05 de dezembro de 2014 | 02h04
A sua obra - ou o que dela já se pode conhecer - também consiste em conceber um amplo leque de ações criminosas a partir de uns poucos elementos, rearranjando-os com uma criatividade que não cessa de chamar a atenção. A mais recente variação a chegar ao conhecimento geral está contida nos depoimentos em regime de delação premiada do executivo Augusto Ribeiro de Mendonça Neto, do Grupo Toyo Setal, um dos mais de 20 empresários e altos dirigentes do autodenominado "clube" de empreiteiras detentoras de contratos com a Petrobrás, apanhados pela Operação Lava Jato.
Na quarta-feira, dia seguinte à decisão do ministro Teori Zavascki, do Supremo Tribunal Federal (STF), de conceder habeas corpus ao diretor de Serviços da estatal (de 2003 a 2012) Renato Duque, no primeiro ato do gênero desde a deflagração da Lava Jato, em março, o juiz federal Sergio Moro tornou público que Mendonça Neto acusara Duque de exigir que uma parte da propina cobrada dos interessados em fazer negócios com a petroleira fosse encaminhada ao Partido dos Trabalhadores - como doação legal. Os demais valores, instruiu o então funcionário apadrinhado pelo partido, deveriam ser-lhe entregues em dinheiro ou depositados em determinadas contas no exterior.
É a primeira vez desde a eclosão do escândalo que o País fica sabendo pela boca de um dos envolvidos que dinheiro sujo serviu para irrigar de forma limpa as finanças de uma agremiação política - uma variação que não faria feio perto de Beethoven. Segundo o delator, dos pelo menos R$ 152 milhões arrecadados por Duque, cerca de R$ 4 milhões foram engrossar, entre 2008 e 2011, os recursos contabilizados do Partido dos Trabalhadores. Para consumar a transferência, Mendonça Neto consultou a secretaria de Finanças da legenda, que o orientou a depositar as doações na sua conta bancária.
À primeira vista parece difícil de distinguir as coisas: de um lado, uma empreiteira é instada a doar a uma sigla, por cima dos panos, montantes que correspondem a uma parcela do pedágio sem o qual não fechará com a Petrobrás os contratos (decerto superfaturados) que ambiciona; de outro lado, uma empreiteira doa a partidos e candidatos, também legalmente, valores oriundos de um patrimônio financeiro engordado - em boa medida, como a cada dia fica mais claro - de contratos inflados, conseguidos mediante suborno. A única diferença é de tempo: no primeiro caso, a doação se segue ao negócio obtido; no segundo, é uma aplicação visando a negócios futuros.

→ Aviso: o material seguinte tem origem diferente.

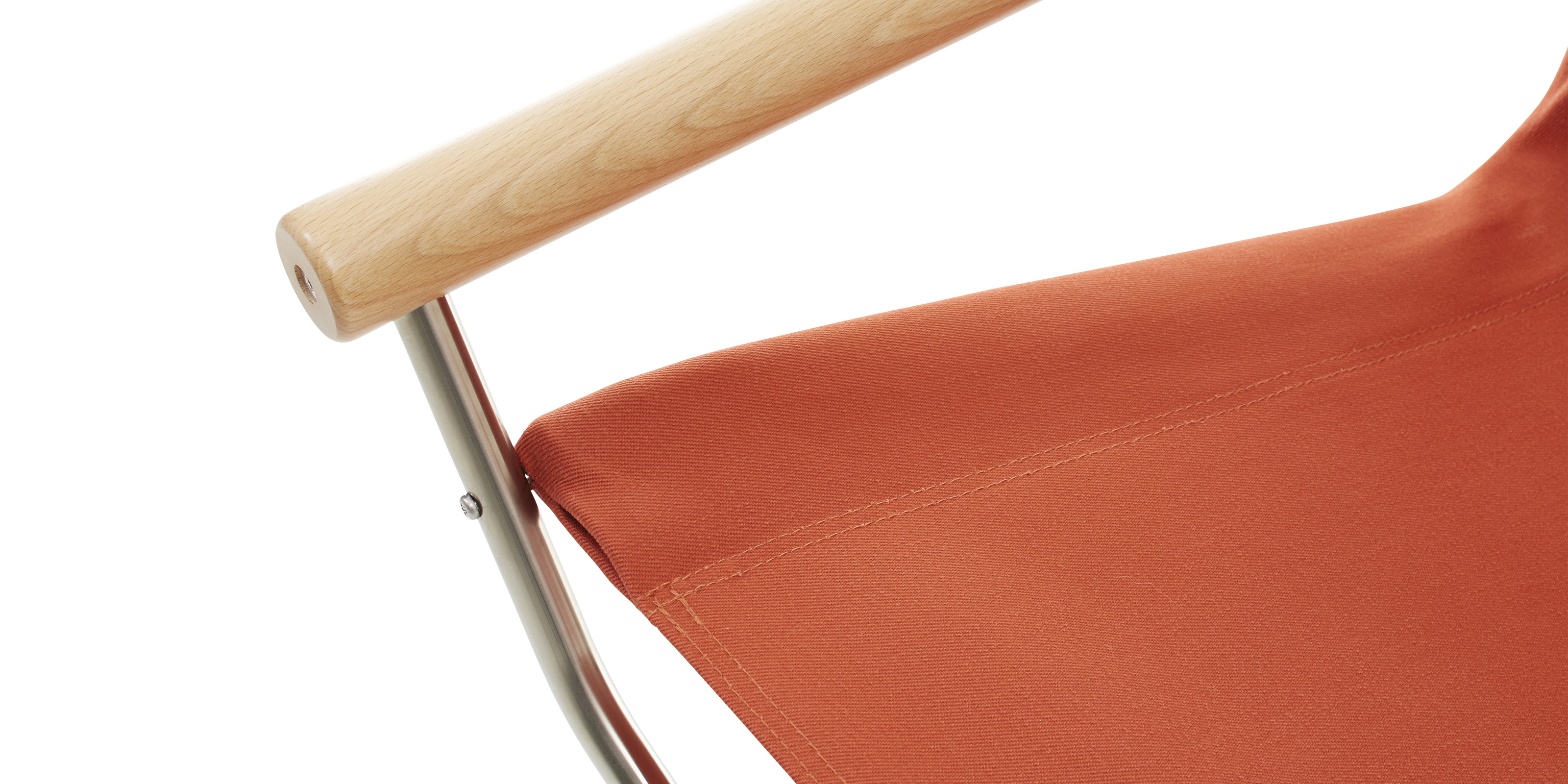 ニーチェアエックス80・ナチュラル × レンガ | D&DEPARTMENT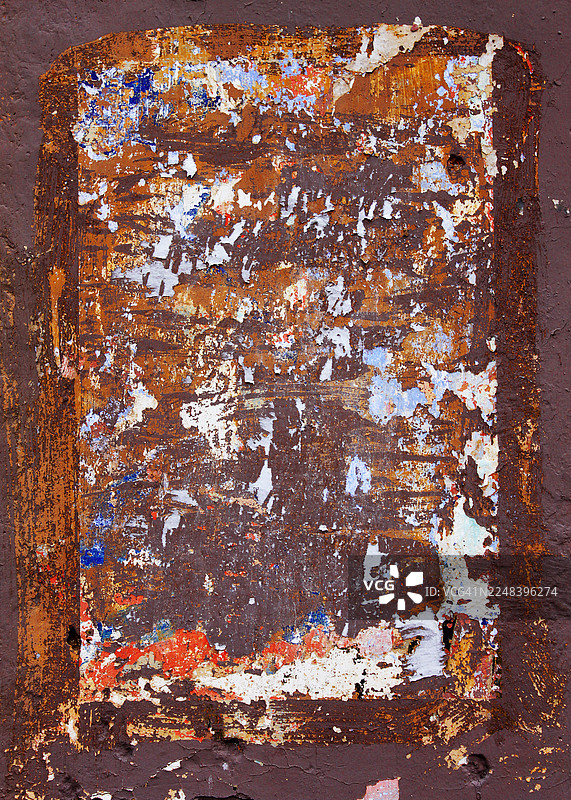 剥落了海报和棕色油漆的饱经风霜的殖民时期墙壁图片素材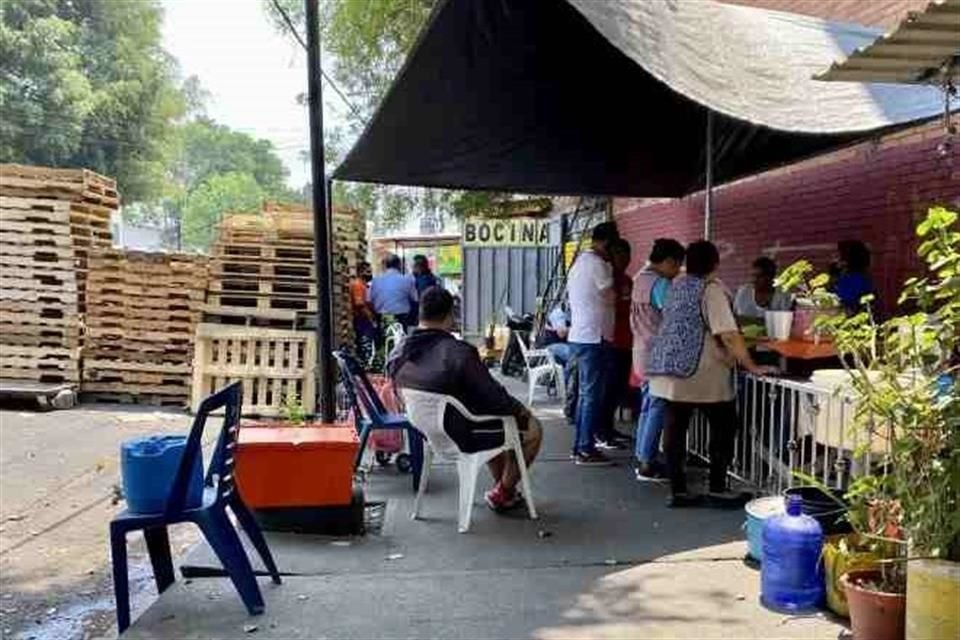 Incluso hasta sillas han puesto los comerciantes para vender cómodamente.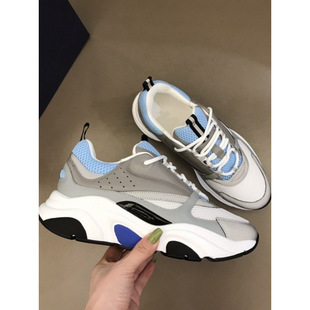 �W��վ�¿�D��B22�\�����e��וr�Џ͹�͸���ϵ�Ь���Q�羳�\��Ь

Revelando a sua peculiar visão da realidade, as construtoras investigadas pela lambança na Petrobrás querem que o procurador-geral da República, Rodrigo Janot, aceite um "acordão" que diminua as penas a que estão expostas, sem que os seus controladores e executivos admitam previamente as suas culpas nas delações premiadas a que aceitem se submeter. O acinte justifica a ironia de Janot, para quem as empresas no pelourinho estão tentando formar um "cartel de leniência". Nada deve abalar o acordo tácito do toma lá dá cá entre pagadores e recebedores que se renova a cada ciclo eleitoral - e está se falando de doações legais.
O esquema só será abalado quando pessoas jurídicas não puderem financiar campanhas - o que hoje depende de um único membro do STF, o ministro Gilmar Mendes. Em abril, quando a Corte julgava uma solicitação da OAB nesse sentido, apoiada por firme maioria - 4 votos proferidos e 2 outros prometidos -, Mendes pediu vista dos autos, alegando tratar-se de assunto "complexo", embora se inclinasse pelo regime de doações como está. Passados oito meses, Mendes ainda retém o processo.